Thomas Campbell, the Metropolitan Museum of Art’s director, weighed in today on the two lawsuits that accuse the museum of purposely misleading the public about its $25 admission fee being merely a suggested contribution. In a statement posted on the museum’s website, Campbell says, “The recommended admission policy is clearly posted at all entry points to the Museum’s Main Building and The Cloisters, on all printed materials, and on our website.” All visitors have to do is read the fine print, and (allegedly) argue with museum staffers.

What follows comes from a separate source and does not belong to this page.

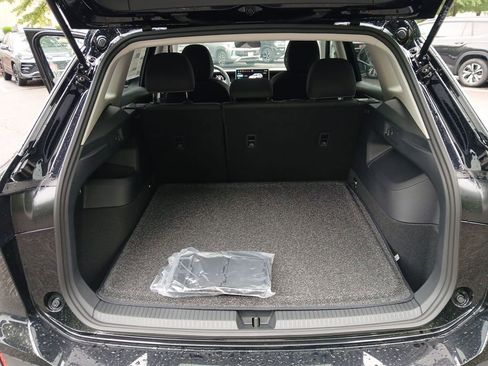 New 2026 Volkswagen Tiguan S FWD image 21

It does say “Recommended” in small type below the admission price on all of the museum’s signs. The website features the additional phrase “To help cover the costs of exhibitions, we ask that you please pay the full recommended amount.” Visitors are encouraged to save time buy buying tickets in advance online, and are only given the option of paying the suggested price. The incredibly fine print at the bottom of the page reads:
By agreeing to purchase these tickets in advance and online, you are agreeing to pay the full recommended admission of $25 for adults, $17 for senior citizens (65 and older) and $12 for students. If you would like to pay less than the recommended admission, please go directly to The Metropolitan Museum of Art to pay as you wish.
Campbell also says, “Should a visitor ask a cashier about the admission policy, the message is always equally clear: the amount is voluntary; please pay what you wish.” However, a former Met supervisor who plans to provide evidence in the suit told the Post recently that he was frequently told to threaten people who didn’t pay the full amount. “I arranged for security officers to forcibly remove the museum visitors who demanded entry without paying,” he said. It’s not hard to see how that might leave some visitors confused about the admissions policy.
The headline has been updated for clarity.